The report also pays particular attention to freedom of expression, including freedom and diversity of the media. While welcoming the decriminalisation of libel and insult through last year’s amendments to the Criminal Code, the Commissioner remains concerned about the increase of cases brought against media outlets on the basis of amendments to the Civil Code. He stresses that unreasonably high fines in civil cases relating to media should be avoided. At the same time, ethical standards for journalism and a system of self-regulation should be encouraged.
Expressing alarm over the attacks and pressure on journalists that have taken place in the past two years, the Commissioner calls upon the country’s leadership to firmly condemn such incidents and to take measures to prevent their recurrence.
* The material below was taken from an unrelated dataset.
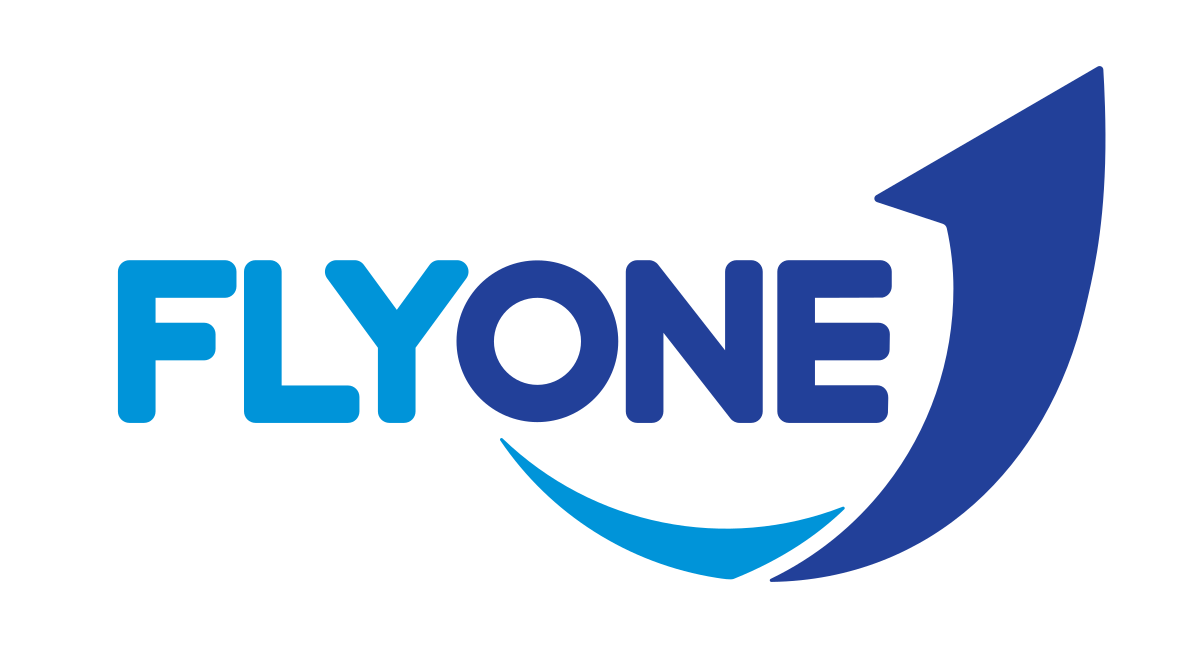Logo Fly Egypt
The implementation in practice of the right to freedom of peaceful assembly in Armenia also remains a source of concern. “Unlawful and disproportionate impediments on peaceful assemblies, such as intimidation and arrest of participants, disruption of transportation means and blanket prohibitions against assemblies in certain places, should be immediately discontinued. It is crucial that the behaviour and actions of police forces during assemblies abide by human rights standards.”
Commissioner Hammarberg therefore encourages the Armenian authorities to review the national legal framework and practice related to freedom of expression, freedom of the media and freedom of assembly in order to bring it in compliance with human rights standards.
The report also addresses the issue of non-combat deaths, torture and ill treatment which have occurred in the Armenian army and have featured prominently in the country’s public debate. “The Armenian authorities should intensify their efforts to eliminate such grave cases of abuse in the military and to put an end to the impunity of perpetrators and responsible commanders.”
There is also an urgent need to review the Law on Alternative Service and to create a genuinely civilian service option, whose length should not be perceived as punitive, deterrent or discriminatory. Finally, the Commissioner strongly recommends releasing all conscientious objectors who are in prison because of non-performance of military service.